• [Try it] Within the listing that follows, how many lines contain the word "LIGHT"? Only the number is wanted.

------ Source data ------

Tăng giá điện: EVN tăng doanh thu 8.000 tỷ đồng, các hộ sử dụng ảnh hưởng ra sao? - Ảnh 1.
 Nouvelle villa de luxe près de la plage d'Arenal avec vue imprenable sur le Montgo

------
------ Source data ------

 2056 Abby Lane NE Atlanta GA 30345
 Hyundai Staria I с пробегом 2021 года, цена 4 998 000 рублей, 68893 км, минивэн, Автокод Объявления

------
------ Source data ------

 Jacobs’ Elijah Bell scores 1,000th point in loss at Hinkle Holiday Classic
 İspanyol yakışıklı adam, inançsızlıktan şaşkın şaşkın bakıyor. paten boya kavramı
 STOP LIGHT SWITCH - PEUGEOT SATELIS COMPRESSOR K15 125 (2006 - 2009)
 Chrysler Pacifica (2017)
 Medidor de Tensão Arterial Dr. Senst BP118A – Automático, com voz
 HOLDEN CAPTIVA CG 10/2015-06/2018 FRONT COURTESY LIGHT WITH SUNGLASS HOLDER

------

• [Completed exercise] 2